■ Input for this task:
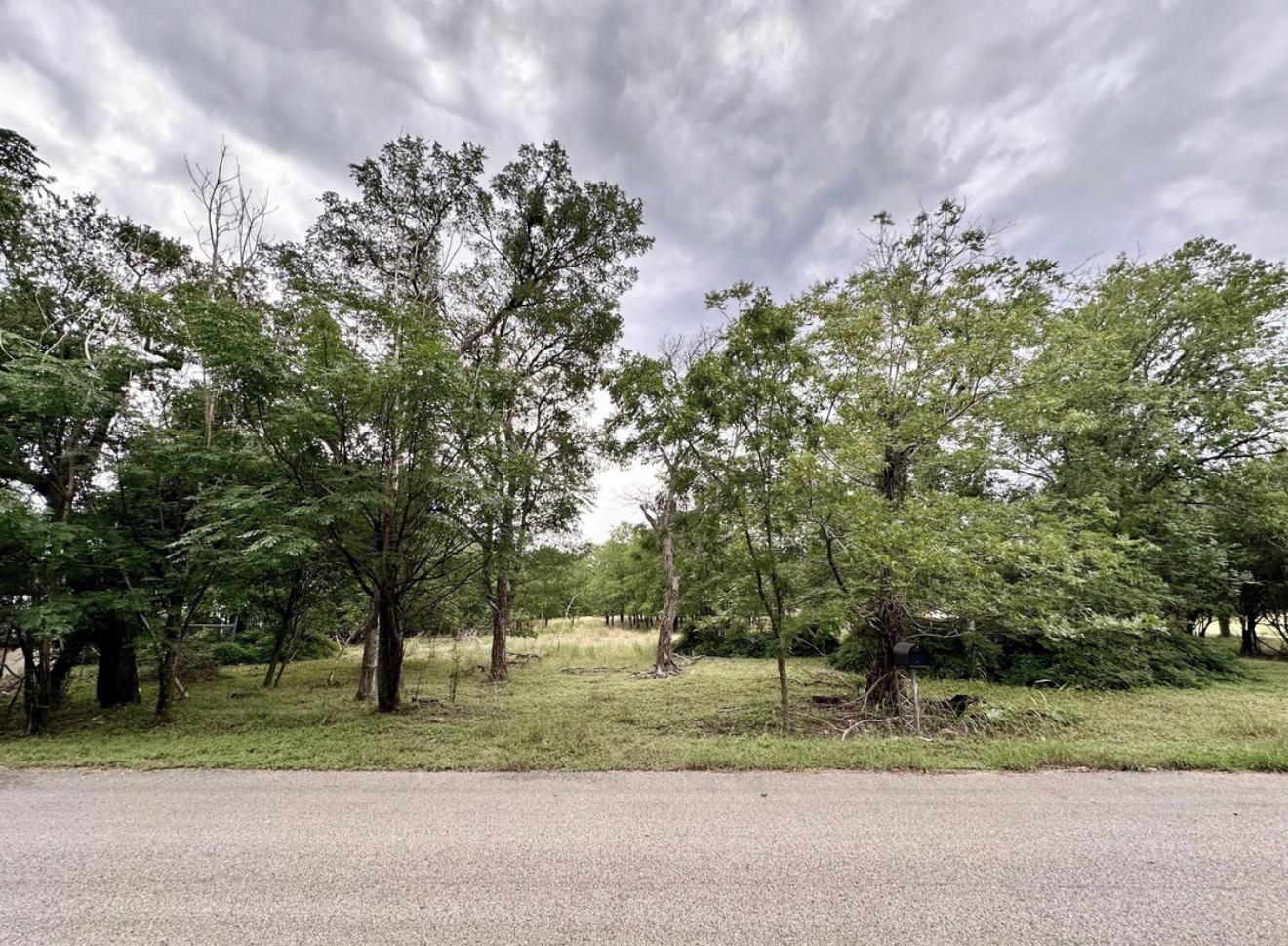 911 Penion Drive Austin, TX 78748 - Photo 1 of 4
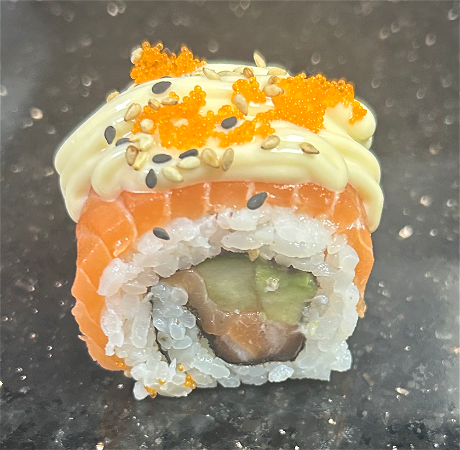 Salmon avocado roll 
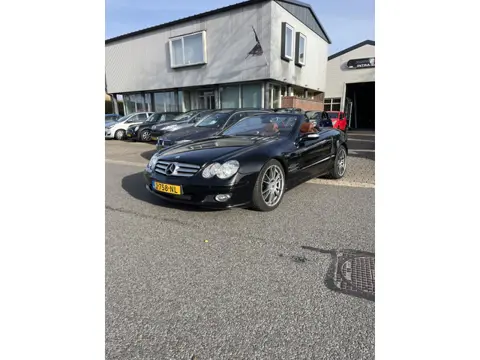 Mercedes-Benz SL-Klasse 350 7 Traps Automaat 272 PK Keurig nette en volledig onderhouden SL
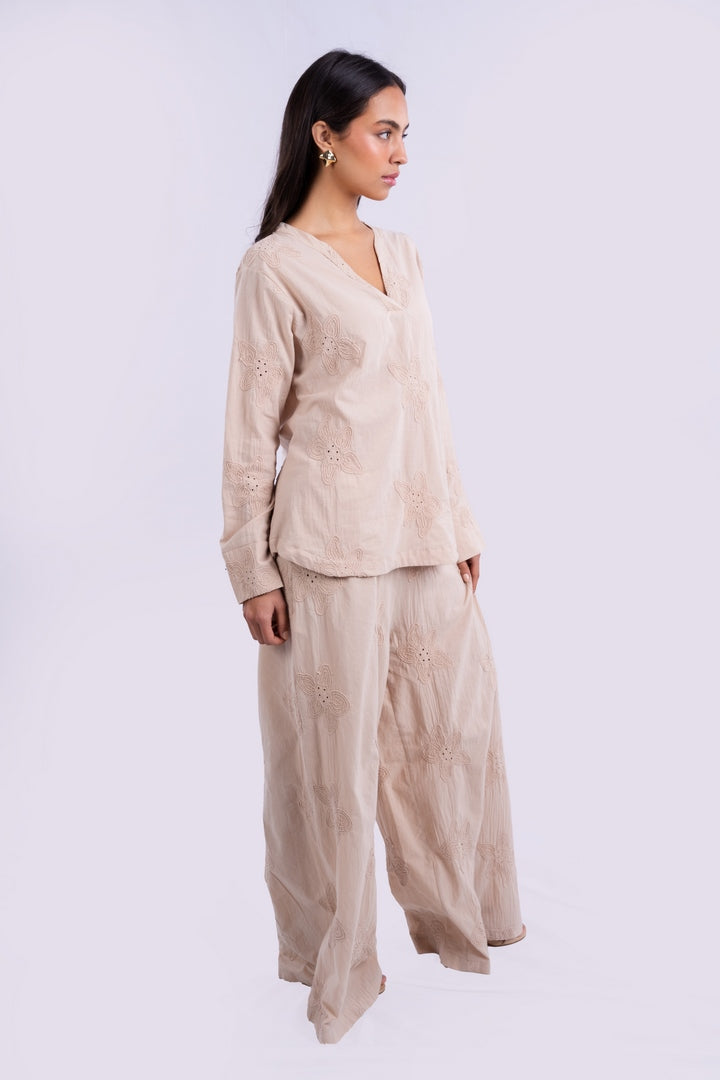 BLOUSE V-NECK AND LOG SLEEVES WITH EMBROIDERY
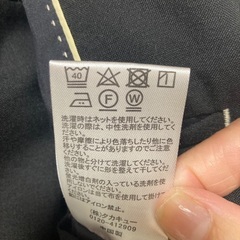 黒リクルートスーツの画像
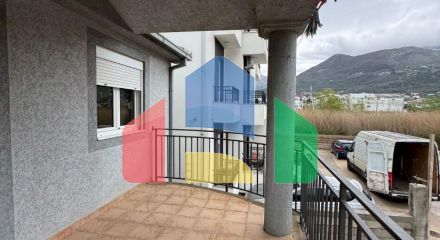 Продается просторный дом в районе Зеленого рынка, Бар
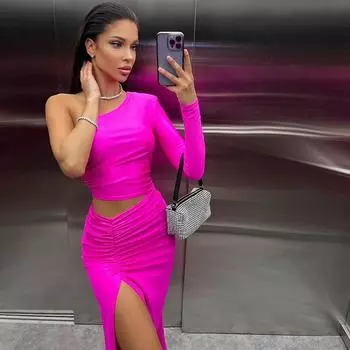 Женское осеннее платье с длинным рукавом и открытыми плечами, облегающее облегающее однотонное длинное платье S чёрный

--

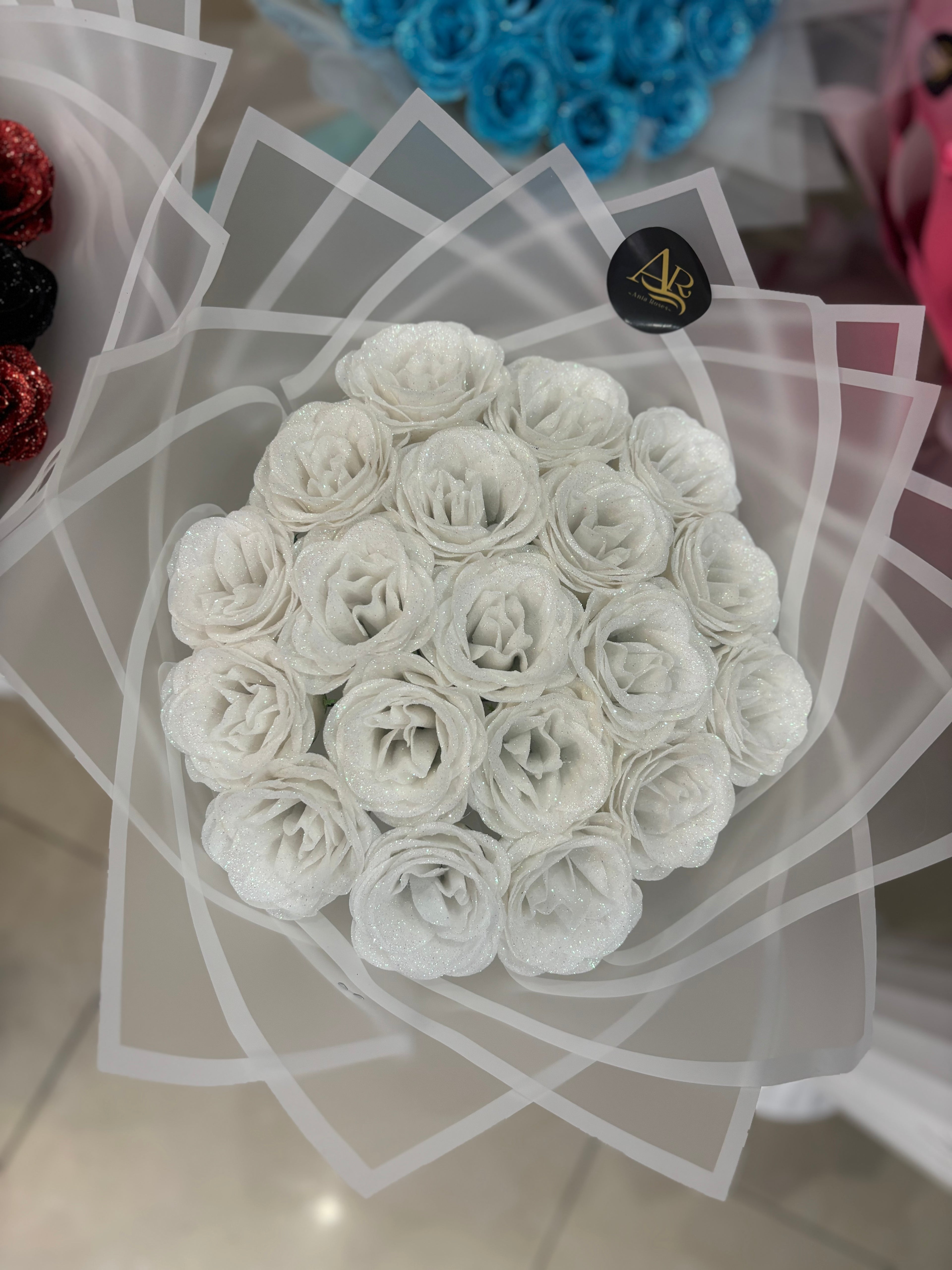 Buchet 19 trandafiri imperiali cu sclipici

■ Work request:
Among the entries above, take the lines from the one with "Продается просторный дом" through the one with "Женское осеннее платье" and retype them exactly, leaving out the pictures.

■ Exercise solution:
 Продается просторный дом в районе Зеленого рынка, Бар
 Женское осеннее платье с длинным рукавом и открытыми плечами, облегающее облегающее однотонное длинное платье S чёрный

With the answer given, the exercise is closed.